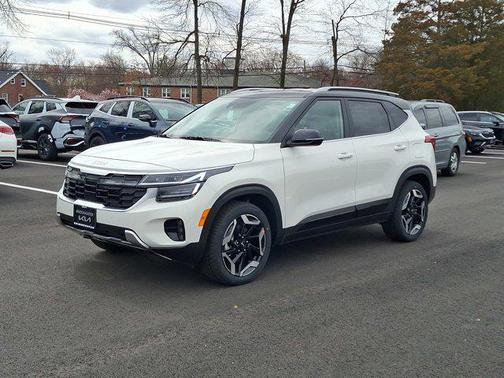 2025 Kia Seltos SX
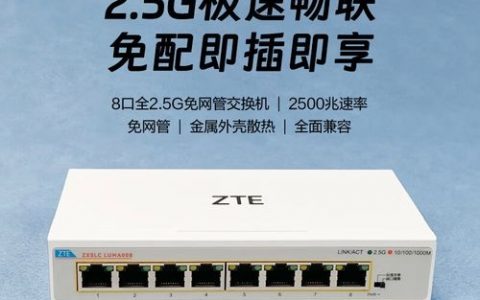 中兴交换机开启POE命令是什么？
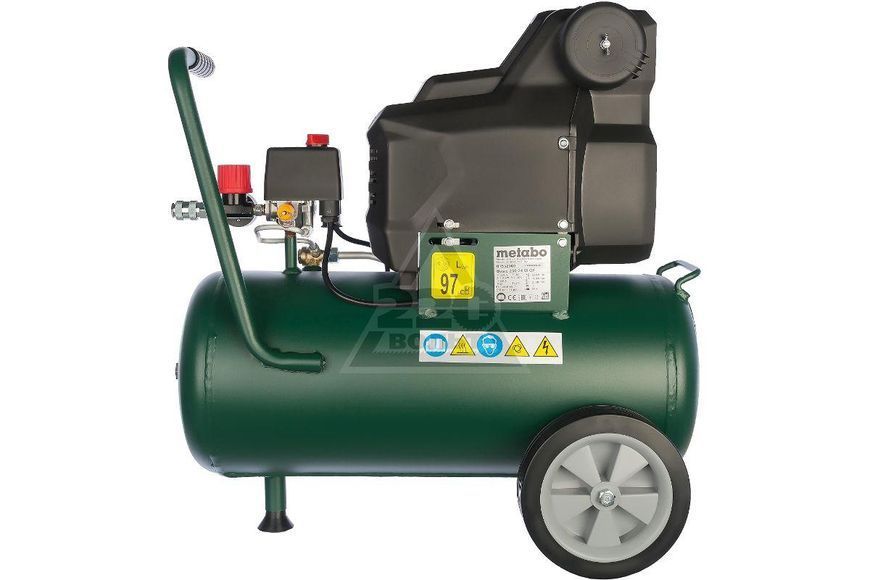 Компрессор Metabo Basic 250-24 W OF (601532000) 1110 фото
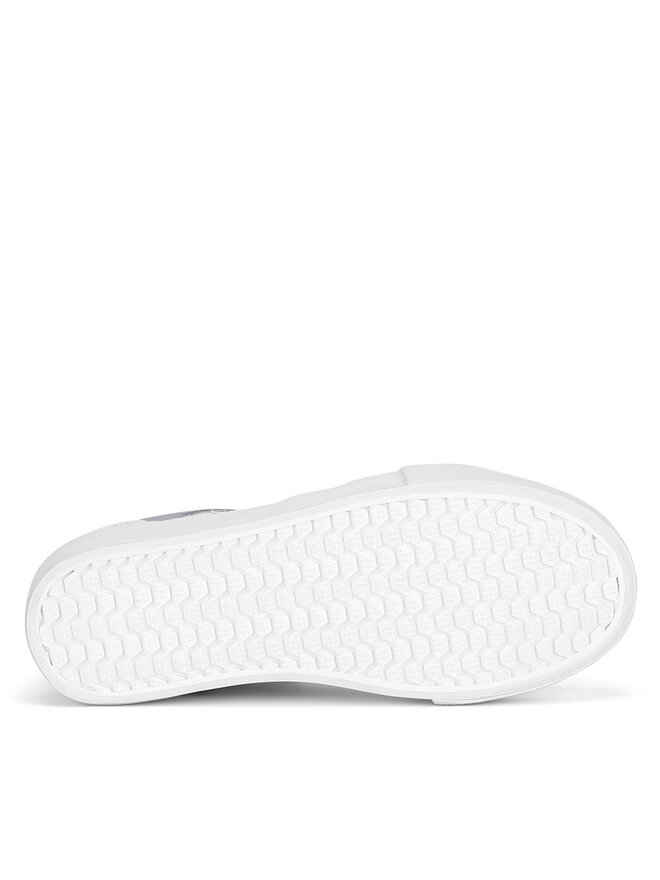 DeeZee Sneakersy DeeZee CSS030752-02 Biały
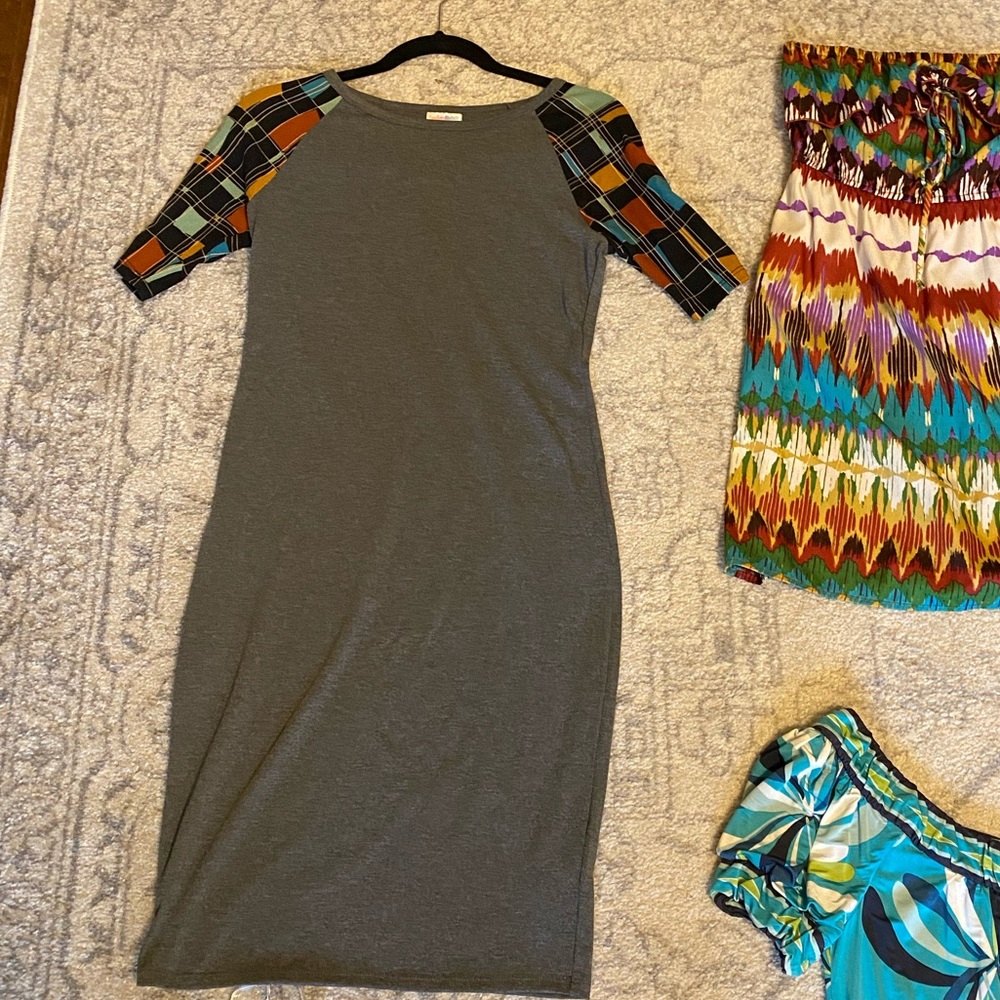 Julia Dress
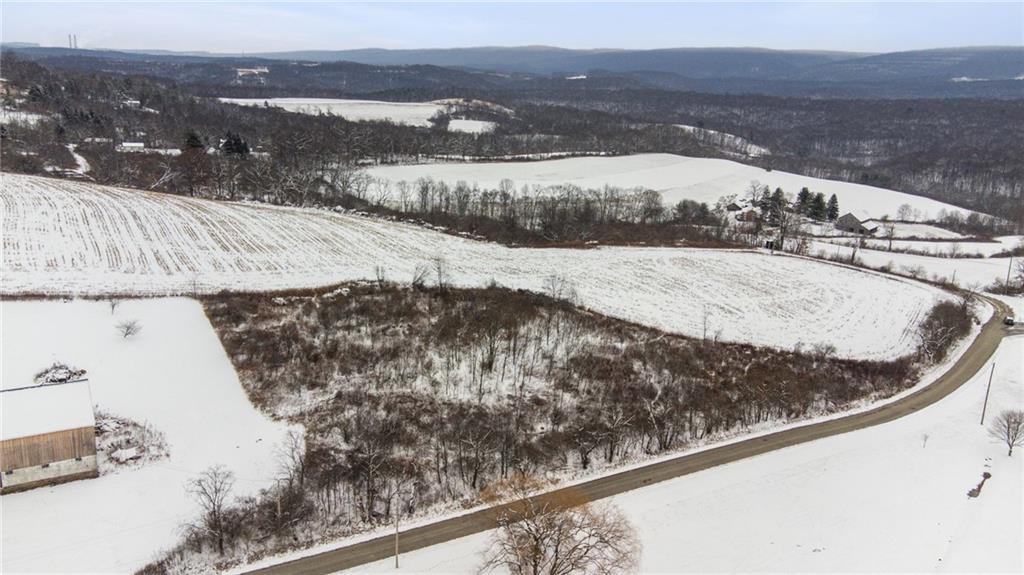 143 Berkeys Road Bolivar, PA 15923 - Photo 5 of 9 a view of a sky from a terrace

================================

= Action item =
Pictures in the listing above must be skipped; everything else should be copied exactly.

= Answer for this exercise =
 2025 Kia Seltos SX
 中兴交换机开启POE命令是什么？
 Компрессор Metabo Basic 250-24 W OF (601532000) 1110 фото
 DeeZee Sneakersy DeeZee CSS030752-02 Biały
 Julia Dress
 143 Berkeys Road Bolivar, PA 15923 - Photo 5 of 9 a view of a sky from a terrace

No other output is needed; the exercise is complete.